Rheumatoid arthritis (RA) is a chronic autoimmune disease in which the immune system attacks the synovial lining of joints, producing inflammation, pain, swelling, and, without adequate treatment, progressive joint destruction and disability. It affects roughly 1.5 million Americans, with a strong female predominance, and typically presents in middle age. TNF-alpha is one of the primary cytokines driving synovial inflammation in RA. Golimumab is approved for use with methotrexate in adults with moderate-to-severe active RA.

Psoriatic arthritis (PsA) is an inflammatory arthritis that occurs in approximately 30% of people with psoriasis. It has a heterogeneous clinical presentation: peripheral joint inflammation, axial disease, enthesitis, and dactylitis can all occur. TNF-alpha is elevated in psoriatic joint tissue, making TNF inhibition effective for both the skin and joint manifestations.

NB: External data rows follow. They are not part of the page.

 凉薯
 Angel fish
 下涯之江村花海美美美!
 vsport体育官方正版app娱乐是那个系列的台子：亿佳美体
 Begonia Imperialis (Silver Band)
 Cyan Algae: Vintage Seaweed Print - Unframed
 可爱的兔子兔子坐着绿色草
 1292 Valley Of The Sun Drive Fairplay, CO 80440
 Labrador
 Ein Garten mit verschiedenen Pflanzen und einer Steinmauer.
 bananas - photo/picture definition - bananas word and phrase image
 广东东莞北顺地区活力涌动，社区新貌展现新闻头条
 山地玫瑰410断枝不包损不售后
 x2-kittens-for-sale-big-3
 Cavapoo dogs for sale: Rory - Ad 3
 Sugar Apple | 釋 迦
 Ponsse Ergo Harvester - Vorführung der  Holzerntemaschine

Ankylosing spondylitis (AS) and non-radiographic axial spondyloarthritis (nr-axSpA) are inflammatory conditions primarily affecting the spine and sacroiliac joints. Ankylosing spondylitis involves visible structural changes on imaging and can cause progressive spinal fusion; nr-axSpA involves active inflammatory disease without those radiographic changes. Both cause significant pain, stiffness, and functional impairment, and TNF-alpha is centrally involved in their pathogenesis. Golimumab is approved for both.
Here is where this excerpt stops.